静まり返ったレストハウス。灯りがやわらかく揺れる部屋で、ヒカルは剣を磨きながら明日に備えていた。

 すると、コンコンと控えめなノックが響く。


「……入っていい?」

 扉を開けて顔をのぞかせたのはミナだった。


「どうした?」

 ヒカルが首を傾げると、ミナは照れくさそうに笑いながら部屋に入ってきた。


「んー……ちょっと、言っときたいことがあってさ。あたしを冒険に連れ出してくれてありがと」

 そう言って、ベッドの端に腰を下ろす。

「最初は半信半疑だったけど、ここまで戦ってきて、自分の実力をちゃんと確かめられた。だからさ……ヒカルの夢、ギルドパーティでオーダー1位を取るってやつ、一緒に叶えたいって思ってる。
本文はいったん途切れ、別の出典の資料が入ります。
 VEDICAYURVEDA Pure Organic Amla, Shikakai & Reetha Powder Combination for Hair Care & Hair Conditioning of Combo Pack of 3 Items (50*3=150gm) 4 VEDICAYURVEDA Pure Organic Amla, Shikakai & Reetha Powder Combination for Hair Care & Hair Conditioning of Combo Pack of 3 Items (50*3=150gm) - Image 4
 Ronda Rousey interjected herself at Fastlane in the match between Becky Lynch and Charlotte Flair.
いや、もうあたしの夢でもあるんだ」


 真正面から向けられた瞳に、ヒカルは思わず笑みを浮かべた。

「おう! 一緒に叶えよう」

 快活な声と笑顔に、ミナは頬をほんのり赤らめる。

「……ま、がんばろ!」

 ぶっきらぼうに言いながら立ち上がり、扉を開けて出ていった。


その直後――。


「あ……」

 廊下ですれ違ったのはナオだった。ミナと鉢合わせし、互いに一瞬ぎこちない空気になる。

「明日……がんばろうね」

 ナオが小さく微笑むと、ミナも同じように返し、足早に立ち去った。